Wednesday, June 13, 2012

Sports as the original reality show

Another reason you should definitely start following at least one sports team is that each team is an excellent reality show (assuming you can find some redeeming quality in the actual sport, of which I've suggested one possibility).  Consider:

1.  The best reality shows are the ones where the participants truly act like themselves.  If producers are too controlling or too heavy-handed with editing, the proceedings become artificial to the point of defeating the whole point of a reality show.  With sports in an era of Twitter and 24 hour sports channels, athletes' true colors have a way of shining through.

Players are constantly getting themselves in trouble by making stupid racist jokes or openly discussing their plans to illegally drink underage.  More importantly, the nature of intense competition with millions of dollars and each player's historical legacy on the line tends to bring out one's true feelings to the surface.  A player who isn't actually devoted to the team will eventually loaf it to first base or not hustle back on defense.  Players who hate each other will eventually have a public blow-up, possibly even leading them to attack each other on the field.

2.  There is unbelievable historical continuity to sports.  Arsenal (a soccer team based in London) has been in operation since 1886.  "The Simpsons" has been around not even a fifth as long.  It would be like watching Survivor, only if your great-grandfather watched Survivor if he was a boy and taught your grandfather to love it, who taught your mother, who taught you.

3.  My lovely bride frequently likes to gently antagonize sports fans with a mock-slogan of "the sports team from my area is superior to the sports team from your area".  But the geographic element of following a sports team can make it special.  It's like following a TV show which you can watch live if you're willing to drive 20 minutes into the city.  Pittsburgh and Columbus practically shut down when the Steelers or Buckeyes are playing, and that kind of collective action breeds community.
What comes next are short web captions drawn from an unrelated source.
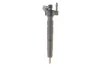 <strong>Інжектор п\'єзоелектричний BOSCH 0445118035 (фото 1)</strong>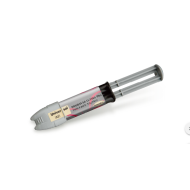 Resina Dual Panavia SA Luting Plus 2.4GR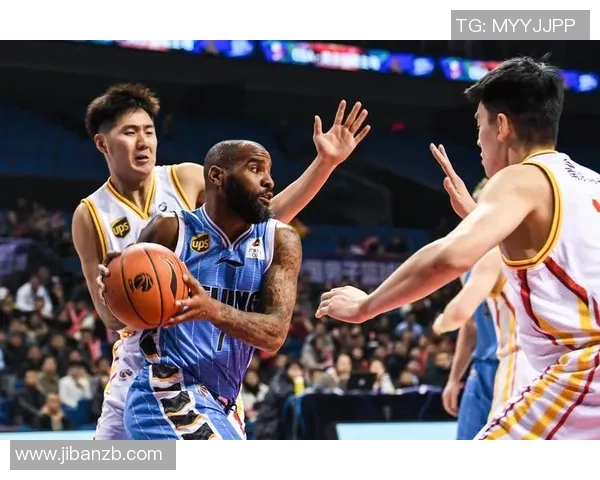 南京篮球队心理素质探讨：提升竞技状态与团队协作的关键因素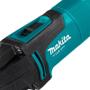 Imagem de Multiferramenta Oscilante 200W Makita Mt M9800Bkx2 Maleta E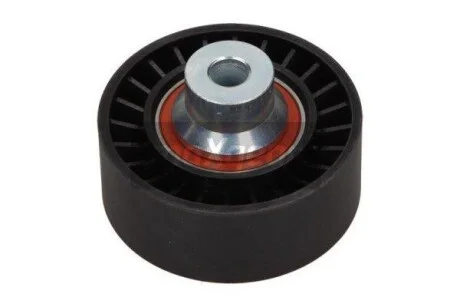 Ролик натяжной ремня поликлинового (приводного) MAXGEAR 54-0645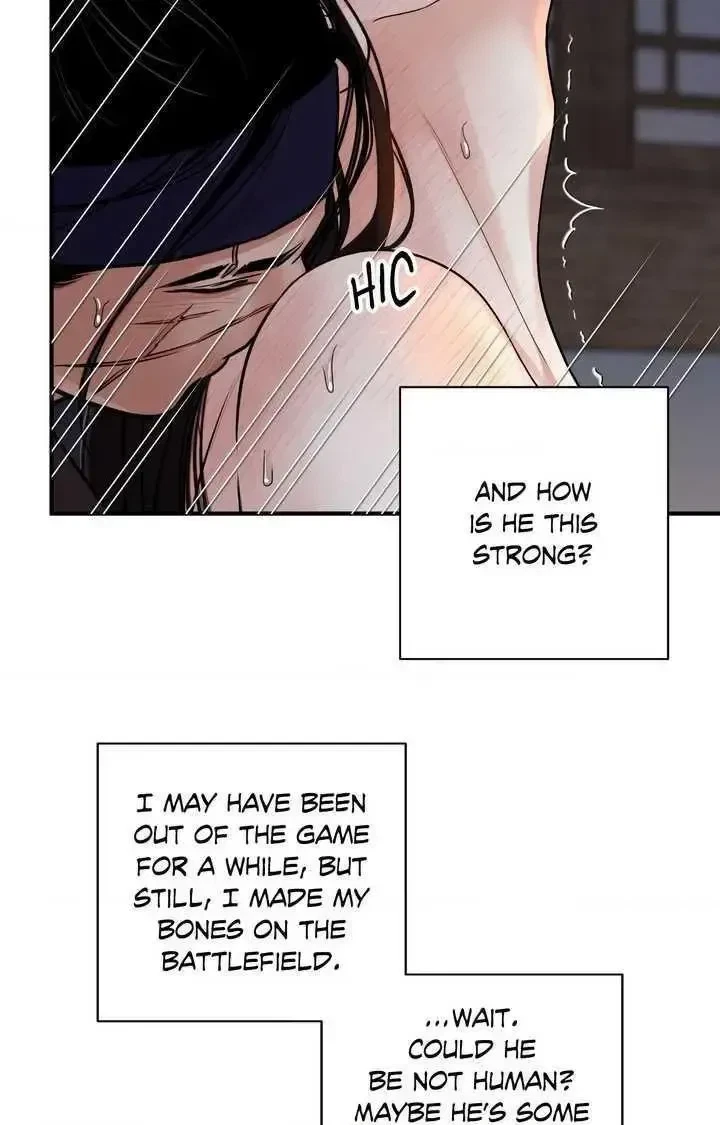 Chapter 110, page 42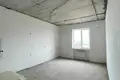 Kvartira 3 xonalar 150 m² Toshkentda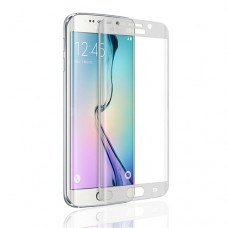 Vetro temprato pellicola di protezione per samsung galaxy s6 edge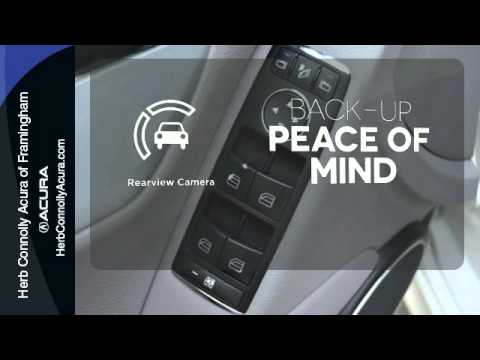 2008 Mercedes-Benz C-Class Framingham Natick Marlborough MA, MA #A000484A - SOLD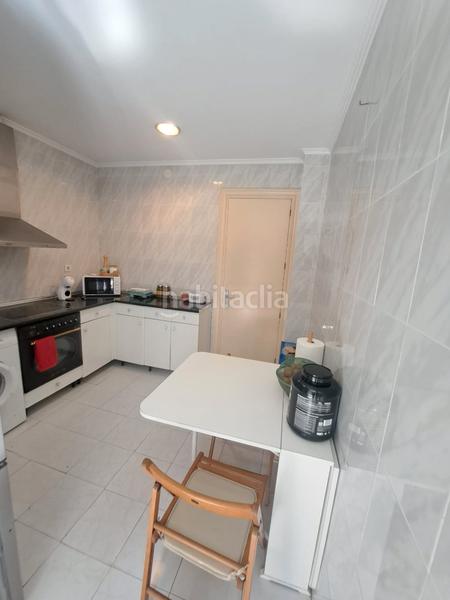 Foto fa8f77bb-cedc-4ccc-865b-e20432c26f03. Apartament amb calefacció a Ametzola Bilbao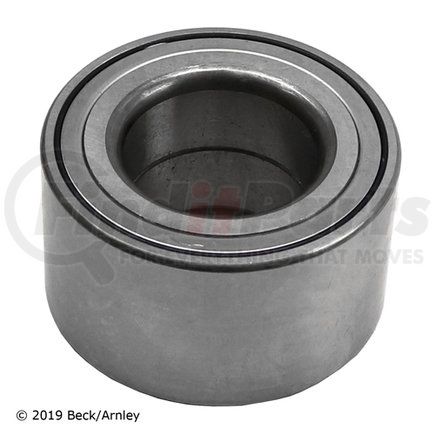 Beck Arnley 051-4149 BEARINGS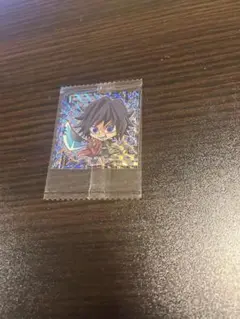 Item thumbnail for item 8018f06f-b1bb-477d-b9ba-0e73ca9c3009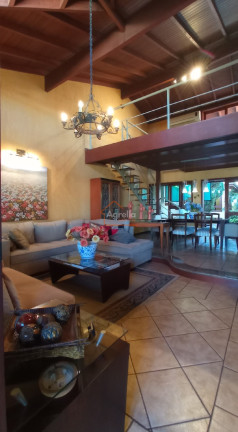 Imagem Casa com 3 Quartos à Venda, 186 m² em Centro - Mogi Mirim Imagem Casa com 3 Quartos à Venda, 186 m² em Centro - Mogi Mirim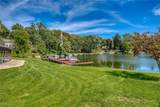 158 Oak Drive - Photo 7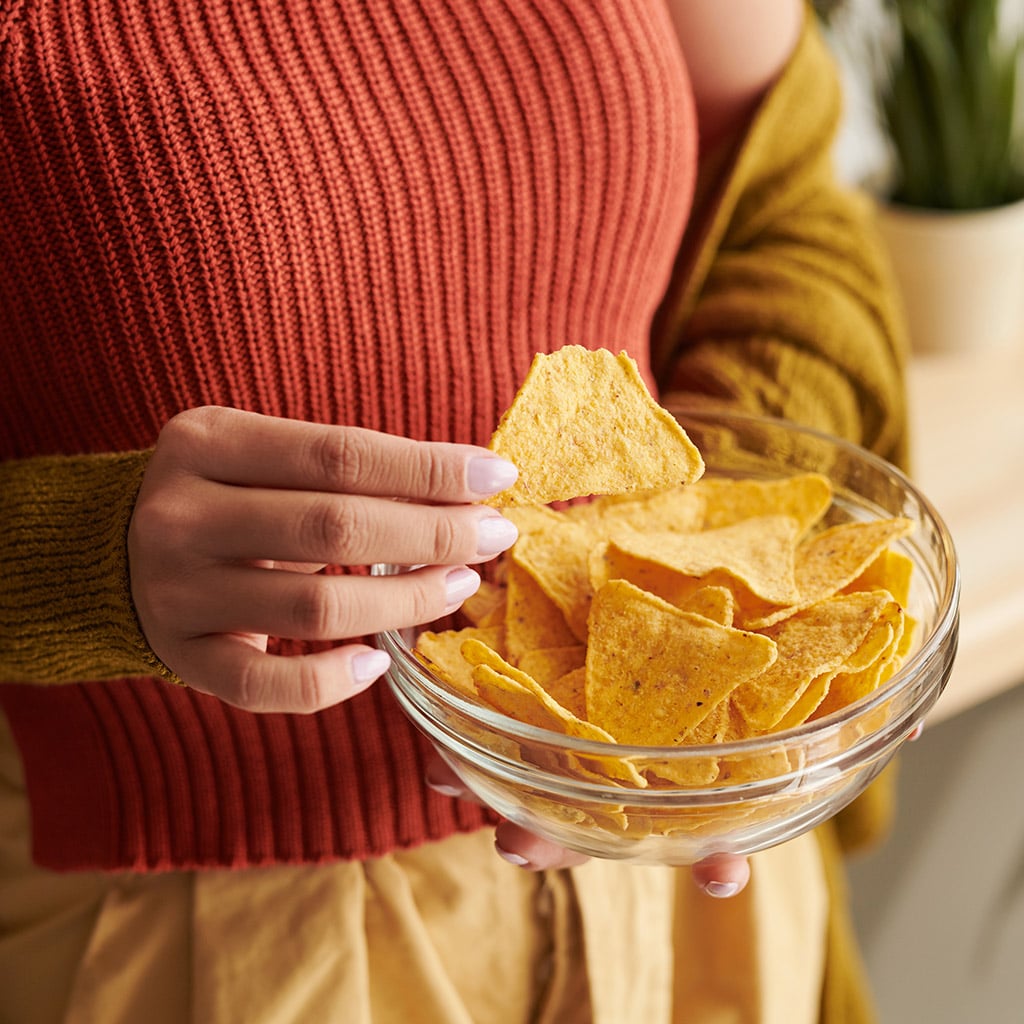 6-Глутамат-натрію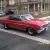 Buick : Skylark Base Hardtop 2-Door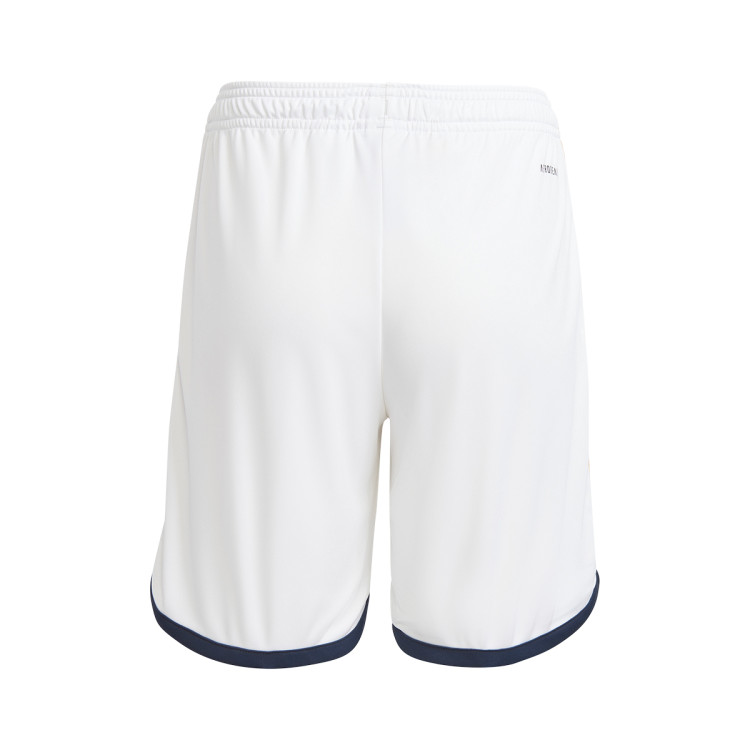 pantalon-corto-adidas-real-madrid-primera-equipacion-2023-2024-nino-white-1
4.  Eventually, assuming you don't follow any of the same teams I do, your team will win a championship.  It would, I imagine, be a tremendous payoff that has the show has been leading up to for 30 years.  And, if you choose a local team, you'd share the payoff with just about everyone at your office/school/etc.

ADDENDUM:
5.  The unexpected can happen at any time.  For example, tonight, on a random mid-week night in the doldrums of the middle of a 162 game regular season, a pitcher for the San Francisco Giants named Matt Cain threw the 22nd perfect game in major league history.  There have been hundreds of thousands of games played, and only 22 of them have featured a pitcher throwing a perfect game (no hits or walks given up, no errors, no batters hit by a pitch).  Amazing.